Laura: Das Gute an diesem Namen ist auch, daß er klar die Konstruiertheit zum Ausdruck bringt, daß er sich nicht mit vermeintlicher Selbstbestimmtheit verwechseln läßt, weil er den Rassismus transportiert, aus dem man nicht einfach mit gutem Willen oder Begriffen rauskommt.

diskus: In Eurem Manifest grenzt Ihr Euch ja ziemlich stark gegen klassische Politikformen und damit von einer bestimmten Repräsentationspolitik ab: also klassische Gleichstellungspolitik und Lobbypolitik, sozusagen für Ausländer.

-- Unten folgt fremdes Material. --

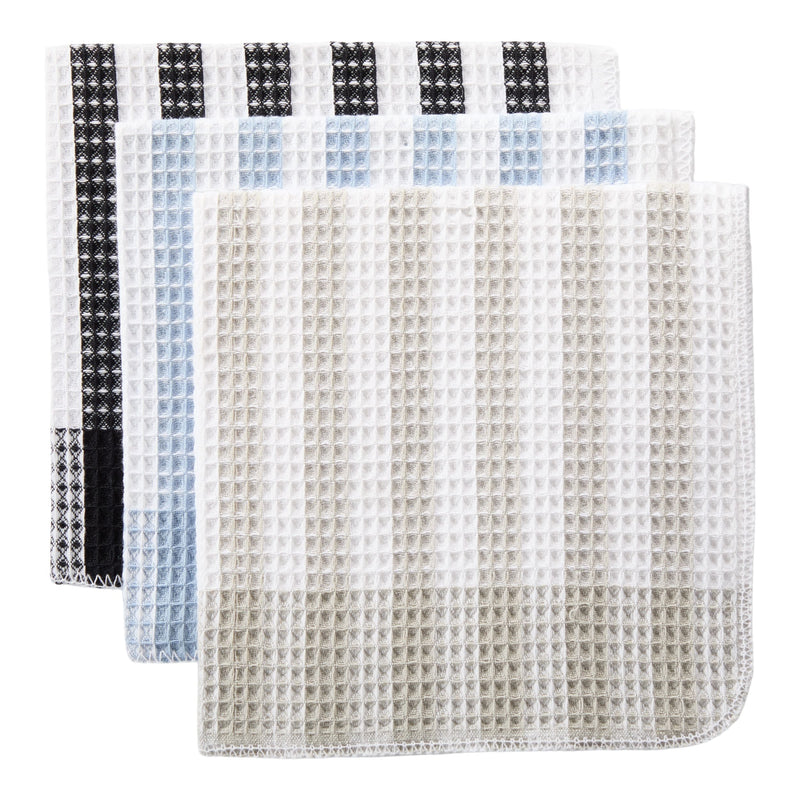 Waffle Checkered Cotton Dish Cloths, Black, Grey & Blue, 14-in, 12-pk R115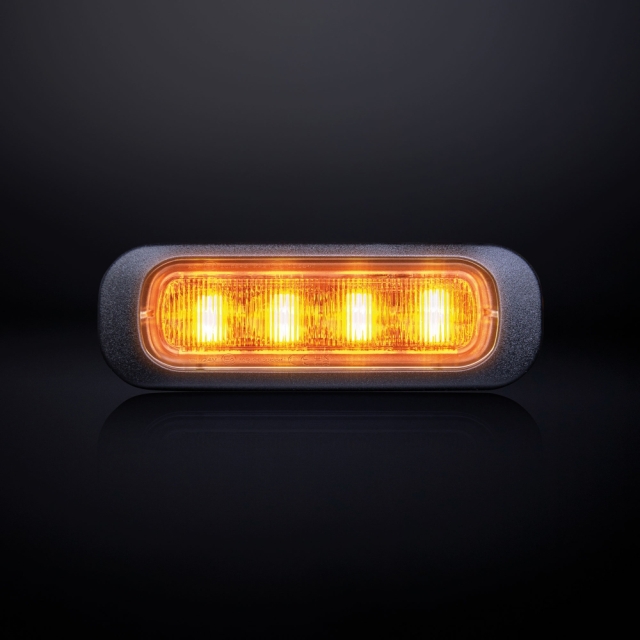 Strands Dark Knight Riktat Blixtljus Orange 4 LED Klart Lins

Gleichzeitig sagt Ihr aber, daß es darum gehen soll, einer neuen Haltung eine Bühne zu geben. Das ist ja selbst eine Form der Repräsentationspolitik. Die Frage ist: Was macht diese neue Haltung aus, und wie bezieht Ihr Euch darauf politisch? Glaubt Ihr, daß diese Haltung vorfindlich ist und man sie nur organisieren oder politisieren muß, oder besteht der Anspruch, sie überhaupt erstmal herzustellen?

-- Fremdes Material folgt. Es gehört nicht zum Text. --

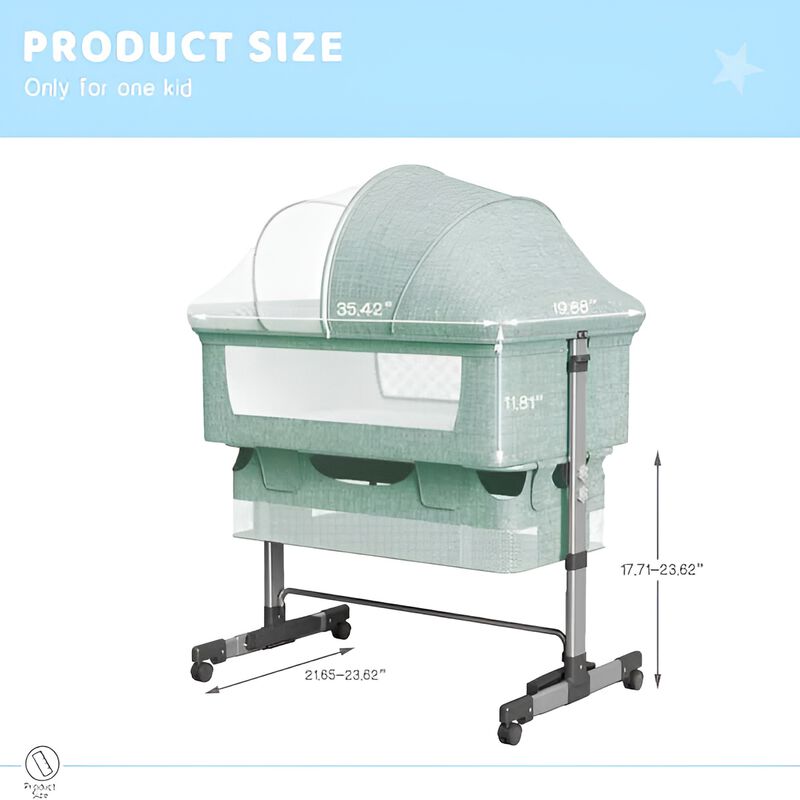 Baby Bassinet Bedside Sleeper 3-in-1 Adjustable Bedside Crib for Newborns & Infants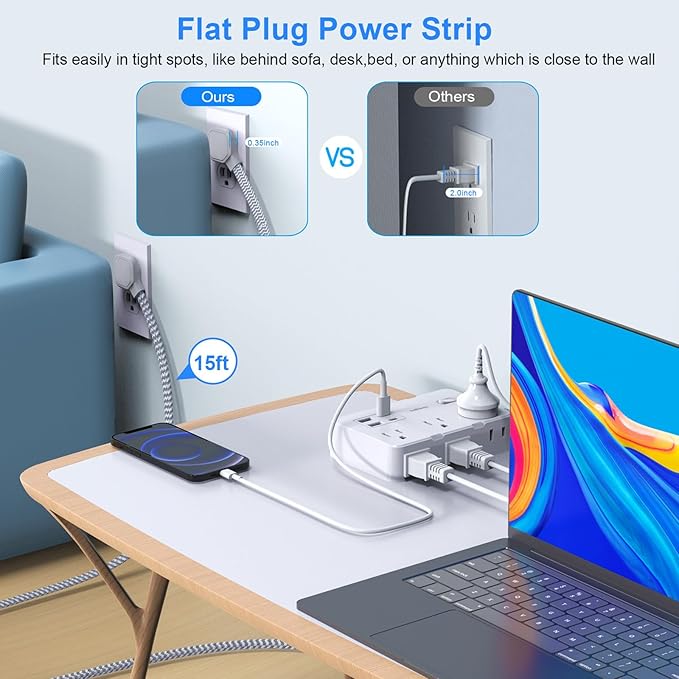 Surge Protector Power Strip 15 Ft Cord, Ultra Thin Flat Extension Cord with 6 Outlets 4 USB Ports(2 USB C), Flat Plug Power Strip, Braided Power Cord for College Dorm Room Essentials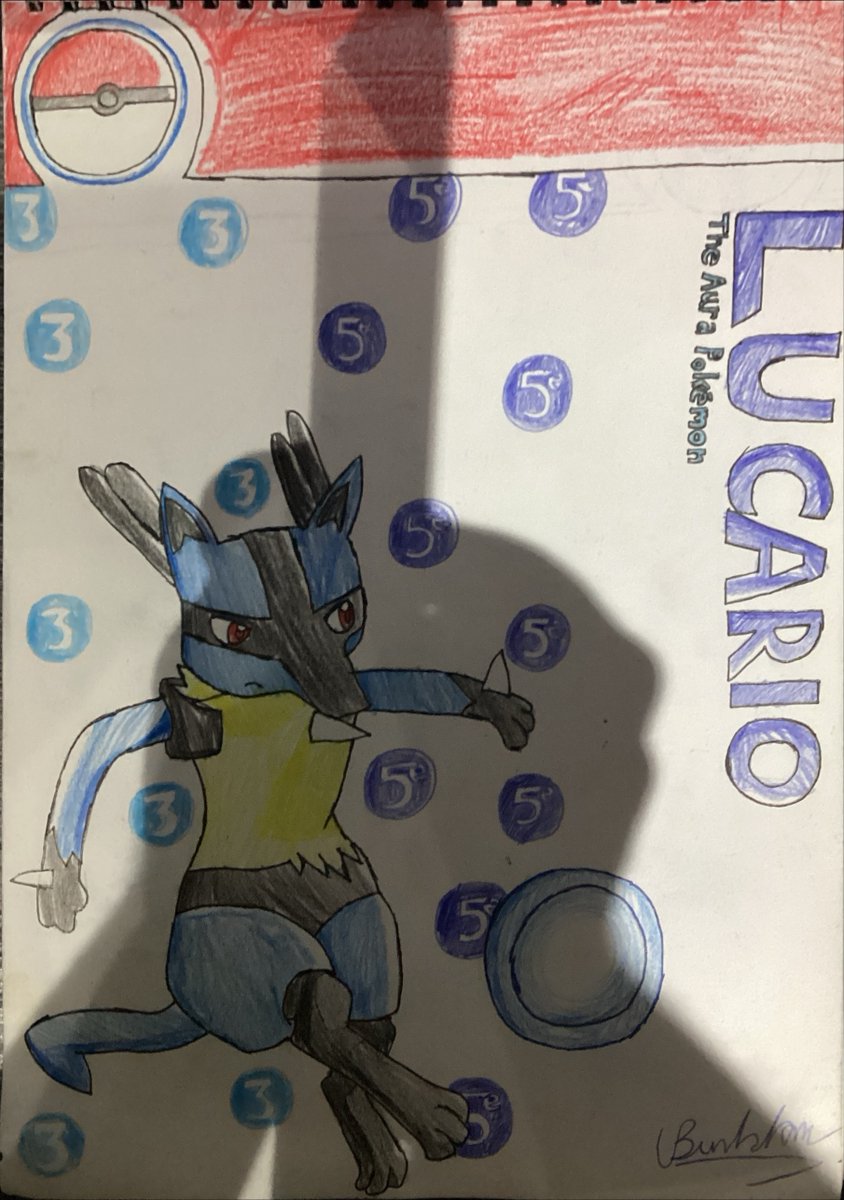 I made my drawing of Lucario the Aura Pokemon from the Pokemon Franchise is inspired by me.
#Lucario #Pokemon #Fanart_Manga_Anime #Sketchbook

Imran: Beides. Im Unterschied zu anderen europäischen Ländern, wo kulturelle Praxen und politische Äußerungen von Migranten erkennbarer sind, spielt dies in Deutschland kaum eine Rolle. Wer aber genauer hinschaut, merkt, daß es in letzter Zeit vor allem von jungen Migranten Versuche gibt, dies zu brechen. Besonders im Kulturapparat. Das hat eine neue Qualität. Hier finden sich Ansätze, die nicht in die Exoten- oder Authentizitätsschublade passen und sich auch nicht von dem Multi-Kulti-Blabla einverleiben lassen wollen. Meistens handelt es sich dabei um vereinzelte Bemühungen, die wiederum durchaus eine mobilisierende Funktion für andere haben. Ein Stück weit will Kanak Attak diesen Leuten und ihrer Arbeit eine neue Plattform geben und diesen Prozess stärken.

Vanessa: Die Herangehensweise ist die, daß es Sachen oder Leute gibt, die uns auffallen, und die sprechen wir dann an, mit dem Manifest, der Projekt-idee und so weiter. Wer damit was anfangen kann, macht dann mit. Von daher verstehen wir uns nicht als Sprachrohr irgendeiner Haltung, wir vertreten selbst bestimmte Positionen und versuchen Dinge zu bündeln, die davon etwas in sich tragen.

diskus: Wen wollt Ihr mit Kanak Attak ansprechen? Die zweite Generation, Flüchtlinge oder einfach alle Nicht-Deutschen? Und an welche Öffentlichkeit richtet Ihr Euch?

Imran: Den Paß oder die Herkunft wollen wir gerade nicht zum Kriterium machen. Trotzdem: Wenn wir Leute dafür gewinnen wollen mitzumachen, gibt es eine Sensibilität dafür, vor allem Migranten anzusprechen, Leute, für die Rassismus kein Seminarthema ist. Das halten wir politisch für wichtig und interessant, weil deren Perspektive nicht ausreichend präsent ist.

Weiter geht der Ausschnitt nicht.